Mar 17, 2021, 9:30:41 AM

During my work on RFC 8771 The Internationalized Deliberately Unreadable Network NOtation (I-DUNNO) I have come across a number of questions. I am documenting them here so I can send them to the authors and try to improve my understanding of the intention.

This is an excellent RFC, and I thank the authors for their efforts in creating it.

1. Non-printable characters

In 4.2. Satisfactory Confusion Level, the RFC states that encodings may be deemed Satisfactory if they contain ‘At least one non-printable character’ (as well as one other condition in this section).

Both of the existing implementations that I know of ( and ) interpret “printable” to mean the same as Python’s isprintable() function: that is Nonprintable characters are those characters defined in the Unicode character database as “Other” or “Separator”, excepting the ASCII space (0x20) which is considered printable.

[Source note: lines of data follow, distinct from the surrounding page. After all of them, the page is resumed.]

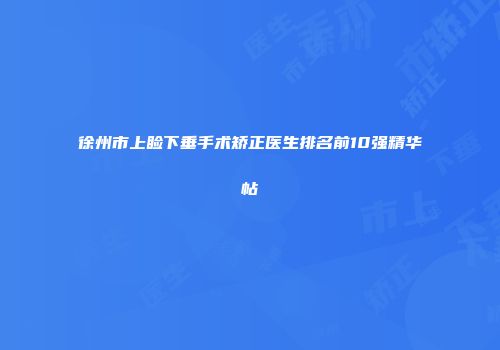 徐州市上睑下垂手术矫正医生排名前10强精华帖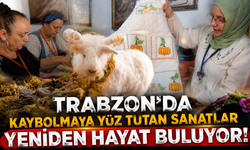 70 yaşında bile üretiyorlar! Trabzon'da geleneksel sanatlar geleceğe taşınıyor
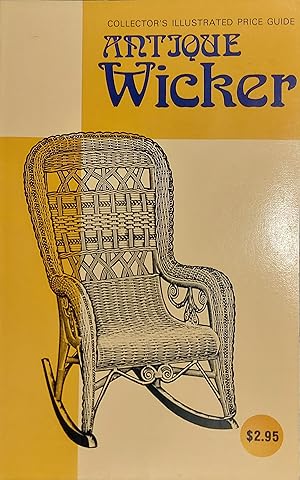 Collector's Illustrated Price Guide Antique Wicker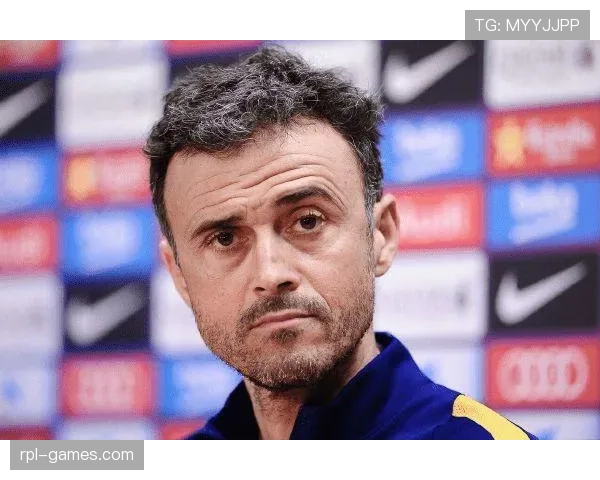 恩里克战术灵活多变，助弱旅稳步提升竞争力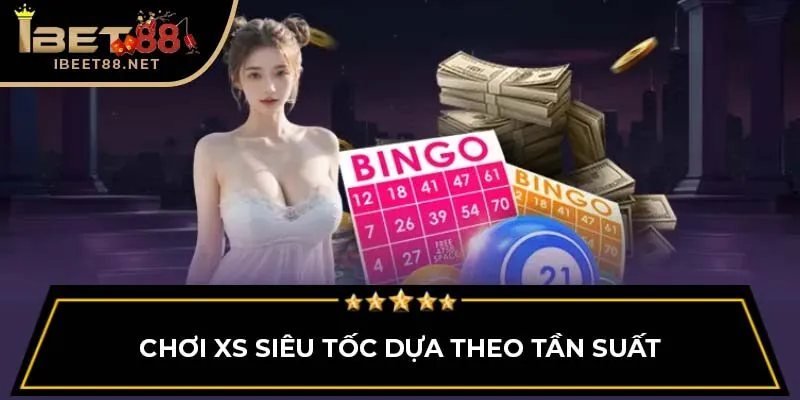 Chơi XS siêu tốc dựa theo tần suất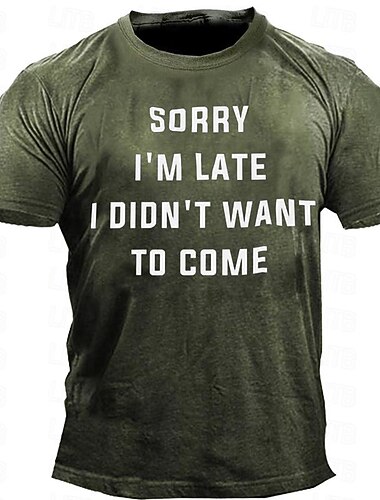  تي شيرت جرافيك مضحك للرجال ساخر 'آسف أنا متأخر لم أرغب في القدوم' كوميديا الحياة اليومية للملابس الكاجوال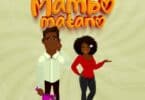 AUDIO Lady Jaydee - Mambo Matano MP3 DOWNLOAD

However, the definition of this function may be rather Python-specific, since its intention appears to be related to language internals like the repr function.

It would be helpful to find out exactly what is meant by “non-printable character” in the RFC.

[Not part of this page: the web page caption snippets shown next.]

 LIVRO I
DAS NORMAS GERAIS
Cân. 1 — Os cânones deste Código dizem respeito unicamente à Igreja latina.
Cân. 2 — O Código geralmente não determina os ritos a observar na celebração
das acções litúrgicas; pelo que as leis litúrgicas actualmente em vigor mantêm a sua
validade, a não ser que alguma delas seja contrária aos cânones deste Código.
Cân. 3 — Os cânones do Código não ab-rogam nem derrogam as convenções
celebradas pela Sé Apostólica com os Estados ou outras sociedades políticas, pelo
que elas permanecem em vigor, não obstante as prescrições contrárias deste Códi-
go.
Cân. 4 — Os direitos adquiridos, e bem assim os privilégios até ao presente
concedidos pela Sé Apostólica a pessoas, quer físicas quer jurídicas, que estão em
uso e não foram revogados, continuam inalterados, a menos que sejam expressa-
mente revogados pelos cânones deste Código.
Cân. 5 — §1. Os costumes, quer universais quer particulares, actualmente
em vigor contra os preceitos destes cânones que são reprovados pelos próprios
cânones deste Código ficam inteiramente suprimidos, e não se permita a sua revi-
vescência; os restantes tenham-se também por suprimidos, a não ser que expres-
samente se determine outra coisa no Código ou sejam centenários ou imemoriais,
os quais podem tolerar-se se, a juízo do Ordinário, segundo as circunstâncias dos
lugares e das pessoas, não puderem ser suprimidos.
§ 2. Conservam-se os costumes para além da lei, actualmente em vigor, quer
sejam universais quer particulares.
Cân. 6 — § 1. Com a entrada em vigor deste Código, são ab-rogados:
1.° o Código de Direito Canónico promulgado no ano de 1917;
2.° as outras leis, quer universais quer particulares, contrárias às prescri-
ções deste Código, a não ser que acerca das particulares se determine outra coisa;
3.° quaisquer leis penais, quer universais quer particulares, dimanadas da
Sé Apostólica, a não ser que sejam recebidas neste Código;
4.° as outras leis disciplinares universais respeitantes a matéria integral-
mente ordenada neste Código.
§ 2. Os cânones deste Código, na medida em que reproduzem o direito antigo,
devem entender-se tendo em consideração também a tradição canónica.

2. Are Modifier Symbols, Symbols?

Also in section 4.2, the RFC mentions ‘”A character from the “Symbol” category’.

The Python implementation excludes Modifier Symbols from its definition. I believe this is incorrect, and have logged an issue on the topic: Some Symbol characters not recognised as such.

It would be helpful to have clarification on this point.

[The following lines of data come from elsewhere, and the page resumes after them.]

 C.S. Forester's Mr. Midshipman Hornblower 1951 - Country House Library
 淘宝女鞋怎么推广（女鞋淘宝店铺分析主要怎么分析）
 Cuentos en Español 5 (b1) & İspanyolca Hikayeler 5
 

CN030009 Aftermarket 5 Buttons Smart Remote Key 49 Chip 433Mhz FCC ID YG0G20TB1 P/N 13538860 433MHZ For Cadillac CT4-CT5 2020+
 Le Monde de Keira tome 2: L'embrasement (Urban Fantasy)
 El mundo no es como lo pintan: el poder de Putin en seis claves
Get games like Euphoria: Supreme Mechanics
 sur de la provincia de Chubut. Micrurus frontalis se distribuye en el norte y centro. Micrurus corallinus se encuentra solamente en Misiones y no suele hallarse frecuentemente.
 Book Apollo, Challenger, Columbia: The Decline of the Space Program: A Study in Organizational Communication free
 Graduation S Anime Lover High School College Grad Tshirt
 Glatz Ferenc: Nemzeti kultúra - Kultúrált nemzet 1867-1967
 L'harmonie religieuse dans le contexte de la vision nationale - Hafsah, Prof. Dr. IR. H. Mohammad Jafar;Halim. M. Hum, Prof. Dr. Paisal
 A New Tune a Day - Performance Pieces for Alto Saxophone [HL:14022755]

3. What does “different directionalities” mean?

Unicode classifies characters into several Bidi_Classes (for example, U+CED6E is Left_To_Right). In section 4.3. Delightful Confusion Level, the RFC refers to ‘Characters from scripts with different directionalities’.

As far as I can see there are two possible interpretations of this phrase:

  1. The encoding should contain characters from at least two different Bidi_Classes, or
  2. The encoding should contain characters that are both left-to-right and right-to-left in direction, either weakly or strongly.

Both current implementations interpret this statement like number 1, but I suspect the intention may actually be something more like number 2.

If number 2 was meant, I think that would mean ignoring characters with Neutral directionality, and treating weakly directional characters as the same directionality as strongly directional ones.

4. What is a Confusable character?

Section 4.3 mentions ‘Character classified as “Confusables”‘. Both implementations interpret this quite loosely, as meaning something like ‘the encoding contains any character or substring which might be confused with any other character or substring’.

This means a lot of “normal” characters are included: all of the ASCII digits, and many of the Latin letters.

Was this is intention?

That’s all my questions. It has been great fun working on this RFC.